Umberto Tirelli


Umberto Tirelli was born in 1928 in Gualtieri, a town in Emilia near the River Po. He died in 1992. Tirelli was an Italian tailor, costume maker and designer, historian of costume and collector.
He was the oldest of four siblings and he spent his youth bottling wine with his father who was a wine and grains merchant. He wanted to become a teacher but this idea didn't last long. At the age of sixteen he discovered he had a love of clothing by frequenting the home of Luigi Bigi, a tailor who lived in the same town and who reproduced French fashion in Milan in the 1930s. In 1952, Giorgio Sarassi who, with Bigi's help, had made his fortune in the business of fabrics for high fashion, found Tirelli a job in Milan: a delivery boy and display designer for Marco, a fabric shop in the Via Montenapoleone. Almost directly across the street was the boutique of Mirsa where Beppe Modenese worked with Paola Carola. In order to save money, in order "to survive because our pay was minimal," Tirelli recalled in his autobiography, Vestire i sogni, Tirelli and Modenese decided to rent a place together.

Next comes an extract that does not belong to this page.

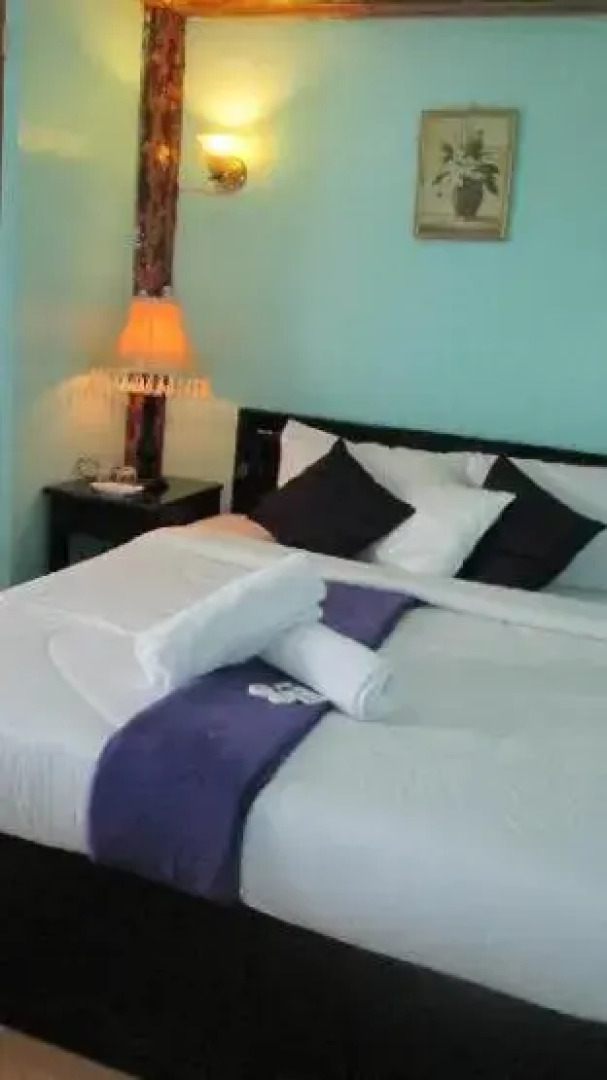 Masferre Country Inn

In 1955, at the age of 27 he met Pia Rame and Carlo Mezzadri who had just purchased the theatrical costume maker Finzi. They offered him a chance to try out. There he met Mila de Nobili who was making the costumes for Maria Callas in La Traviata de Luchino Visconti staged at La Scala in 1955. Therefore, he met Luchino Visconti and also Piero Tosi, who was also a costume designer and worked several times with Visconti, specially in the films Il Gattopardo and Death in Venice for which he was nominated to the Academy Awards. He was able to participate in La Traviata by making the costumes for the feminine chorus. Before his death he worked on the costumes of another version of La traviata, this time by Muti, with Gabriella Pescucci.
Then he moved to Rome to work in the Sartoria Safas for the sisters Emma and Gita Maggioni until 1964 when he set up in business for himself. He learned about the costume filology thanks to Gino Censani.

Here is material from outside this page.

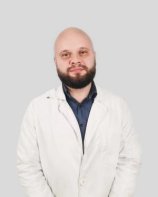 Савченко Роман Валерьевич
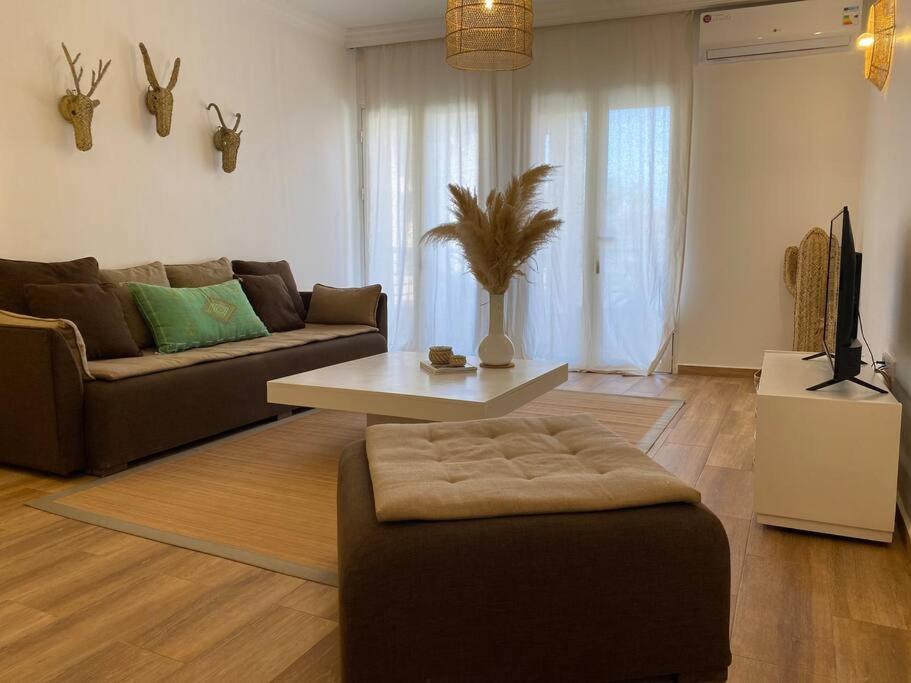 Appartamento The Place To Be In Marrakech Gueliz *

He was a costume collector, defining himself as "A fashion archeologist". He used to say that he did "the archeological expeditions" every time he bought a costume. Concetta Garzoni used to sell him costumes from the Noble class and that were almost new, only used once for a ball or other special occasion.
Tirelli's costume collection was used for cinema and theater. He had a passion for authenticity and collectionism that reflects in the film Morte a Venezia from Luchino Visconti where he dressed up Silvana Mangano; Most of the costumes in the film were authentic. The objective of using authentic costumes was to make the movements of the actors heavier and make them look more realistic. The sketches for the costumes of Morte a Venezia were done by Piero Tosi.
He worked with the biggest names of theater costumes in the second half of the twentieth century, from De Nobili, Piero Tosi, Pierluigi Pizzi, Luciano Damiani, and Danilo Donati to Gabriella Pescucci, Vera Marzot, Gitt Magrini, Ezio Frigerio, Milena Canonero, :fr:Marcel Escoffier|Marcel Escoffier, Maurizio Millenotti and Maurizio Monteverde. His contribution was essential to them in terms of culture, philology of fashion, the recovery of age-old techniques, the quest for authentic outfits in almost archaeological excavations in attics, lofts, abandoned armoires, among the rags of the flea markets.
But in 1968 came the "Anti-fashion movement", the boom of the street-style. The art falls into decay and Tirelli himself says: "Magari c'è intelligenza, ma la vera moda, la ricerca, l'invenzione è cosa del passato"..
In 1986, Tirelli donated 100 authentic outfits and 100 theatrical costumes to the Galleria del Costume of Palazzo Pitti in Florence. Since his death, his sartoria has been run by Dino Trappetti, Gabriella Pescucci and Giorgio D'Alberti.